§ **THE PROBLEM**
Everything from the line that contains "Six PCGS Slabbed" to the end of the data below is to be reproduced verbatim; leave all else out.
____________
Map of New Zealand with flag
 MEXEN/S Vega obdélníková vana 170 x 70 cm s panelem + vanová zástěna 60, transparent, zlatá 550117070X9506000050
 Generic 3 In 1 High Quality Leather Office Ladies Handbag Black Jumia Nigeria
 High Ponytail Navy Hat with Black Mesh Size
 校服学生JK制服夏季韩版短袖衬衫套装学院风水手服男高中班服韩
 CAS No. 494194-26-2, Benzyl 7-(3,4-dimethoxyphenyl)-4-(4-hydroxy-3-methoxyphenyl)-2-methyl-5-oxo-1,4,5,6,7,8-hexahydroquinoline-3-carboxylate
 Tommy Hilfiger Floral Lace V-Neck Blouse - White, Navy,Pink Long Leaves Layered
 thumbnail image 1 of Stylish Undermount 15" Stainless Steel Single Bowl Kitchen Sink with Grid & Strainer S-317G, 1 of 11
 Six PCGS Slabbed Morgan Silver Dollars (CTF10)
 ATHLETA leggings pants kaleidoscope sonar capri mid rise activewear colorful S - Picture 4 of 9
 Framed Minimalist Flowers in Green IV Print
____________
§ **ANSWER SPACE**
 Six PCGS Slabbed Morgan Silver Dollars (CTF10)
 ATHLETA leggings pants kaleidoscope sonar capri mid rise activewear colorful S - Picture 4 of 9
 Framed Minimalist Flowers in Green IV Print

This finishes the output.